Exercise aim: Give the data below again exactly as written, without its pictures.

Raw data:
════════════════

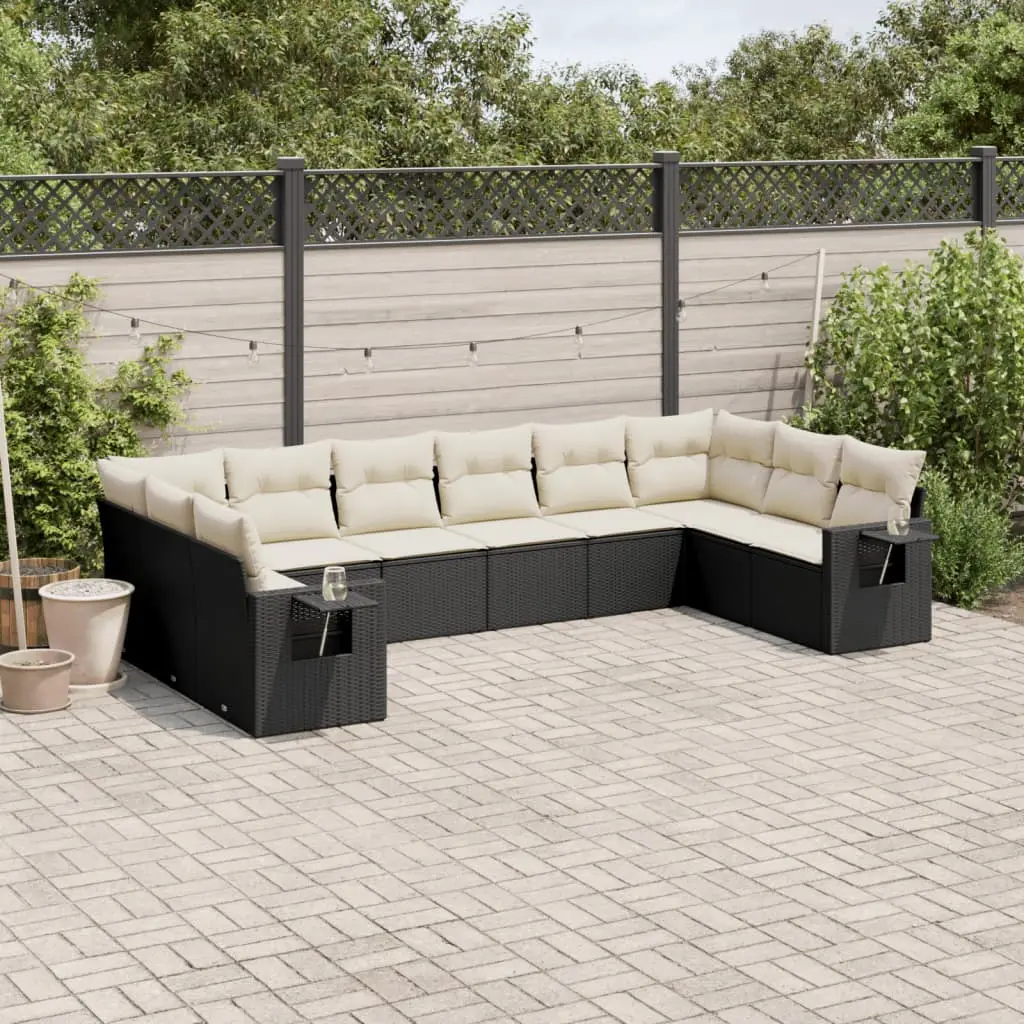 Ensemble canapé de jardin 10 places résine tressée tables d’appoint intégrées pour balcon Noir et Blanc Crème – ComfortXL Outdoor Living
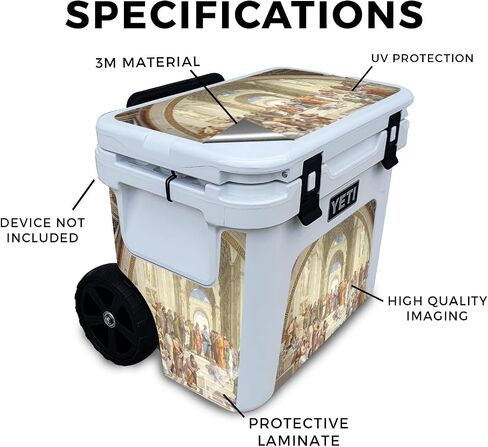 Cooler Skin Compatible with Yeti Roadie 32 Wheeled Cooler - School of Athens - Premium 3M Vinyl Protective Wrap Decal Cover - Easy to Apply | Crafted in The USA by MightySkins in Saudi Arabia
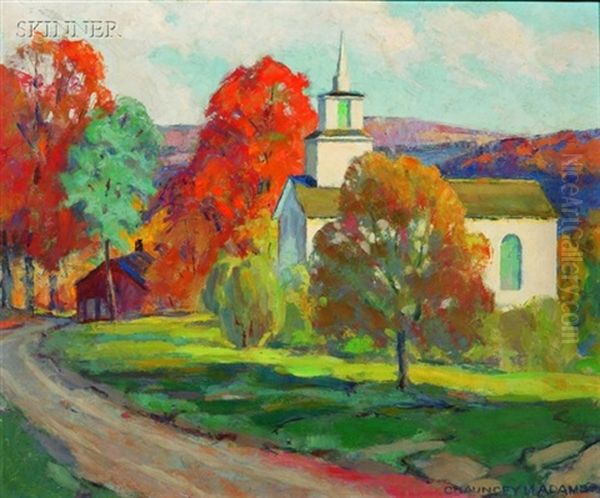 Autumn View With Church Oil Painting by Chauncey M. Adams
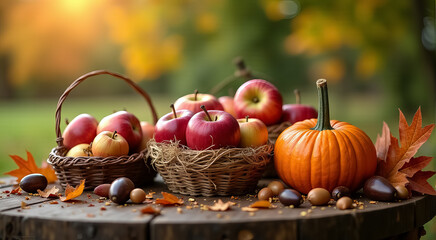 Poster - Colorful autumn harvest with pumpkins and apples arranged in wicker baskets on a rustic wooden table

════════════════

Exercise output:
 Ensemble canapé de jardin 10 places résine tressée tables d’appoint intégrées pour balcon Noir et Blanc Crème – ComfortXL Outdoor Living
 Cooler Skin Compatible with Yeti Roadie 32 Wheeled Cooler - School of Athens - Premium 3M Vinyl Protective Wrap Decal Cover - Easy to Apply | Crafted in The USA by MightySkins in Saudi Arabia
 Autumn View With Church Oil Painting by Chauncey M. Adams
 Poster - Colorful autumn harvest with pumpkins and apples arranged in wicker baskets on a rustic wooden table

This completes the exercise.